Saved data entries:

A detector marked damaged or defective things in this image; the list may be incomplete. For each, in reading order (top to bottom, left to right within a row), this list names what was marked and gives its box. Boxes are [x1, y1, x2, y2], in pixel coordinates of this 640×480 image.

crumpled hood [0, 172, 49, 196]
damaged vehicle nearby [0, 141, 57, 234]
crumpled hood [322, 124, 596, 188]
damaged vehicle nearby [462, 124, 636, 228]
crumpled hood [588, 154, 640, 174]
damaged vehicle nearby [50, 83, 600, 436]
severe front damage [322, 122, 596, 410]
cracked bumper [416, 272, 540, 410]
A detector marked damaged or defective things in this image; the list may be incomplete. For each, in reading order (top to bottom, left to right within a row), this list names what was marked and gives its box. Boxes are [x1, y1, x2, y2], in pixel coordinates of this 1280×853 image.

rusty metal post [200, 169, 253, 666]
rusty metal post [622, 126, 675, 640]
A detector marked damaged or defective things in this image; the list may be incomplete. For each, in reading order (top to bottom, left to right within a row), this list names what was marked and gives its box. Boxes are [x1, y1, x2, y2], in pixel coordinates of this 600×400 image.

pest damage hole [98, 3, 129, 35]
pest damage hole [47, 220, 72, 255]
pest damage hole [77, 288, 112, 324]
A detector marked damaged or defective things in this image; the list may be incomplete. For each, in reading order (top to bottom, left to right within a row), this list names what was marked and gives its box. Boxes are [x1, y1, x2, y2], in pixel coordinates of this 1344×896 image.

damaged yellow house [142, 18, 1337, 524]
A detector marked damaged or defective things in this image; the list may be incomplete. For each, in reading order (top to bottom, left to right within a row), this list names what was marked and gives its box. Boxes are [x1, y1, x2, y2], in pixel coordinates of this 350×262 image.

### EXERCISE DESCRIPTION
Exactly the lines from the one containing "this 1280×853 image." through the final line of the records above are needed, copied word for word.

### RESPONSE BELOW
A detector marked damaged or defective things in this image; the list may be incomplete. For each, in reading order (top to bottom, left to right within a row), this list names what was marked and gives its box. Boxes are [x1, y1, x2, y2], in pixel coordinates of this 1280×853 image.

rusty metal post [200, 169, 253, 666]
rusty metal post [622, 126, 675, 640]
A detector marked damaged or defective things in this image; the list may be incomplete. For each, in reading order (top to bottom, left to right within a row), this list names what was marked and gives its box. Boxes are [x1, y1, x2, y2], in pixel coordinates of this 600×400 image.

pest damage hole [98, 3, 129, 35]
pest damage hole [47, 220, 72, 255]
pest damage hole [77, 288, 112, 324]
A detector marked damaged or defective things in this image; the list may be incomplete. For each, in reading order (top to bottom, left to right within a row), this list names what was marked and gives its box. Boxes are [x1, y1, x2, y2], in pixel coordinates of this 1344×896 image.

damaged yellow house [142, 18, 1337, 524]
A detector marked damaged or defective things in this image; the list may be incomplete. For each, in reading order (top to bottom, left to right within a row), this list names what was marked and gives its box. Boxes are [x1, y1, x2, y2], in pixel coordinates of this 350×262 image.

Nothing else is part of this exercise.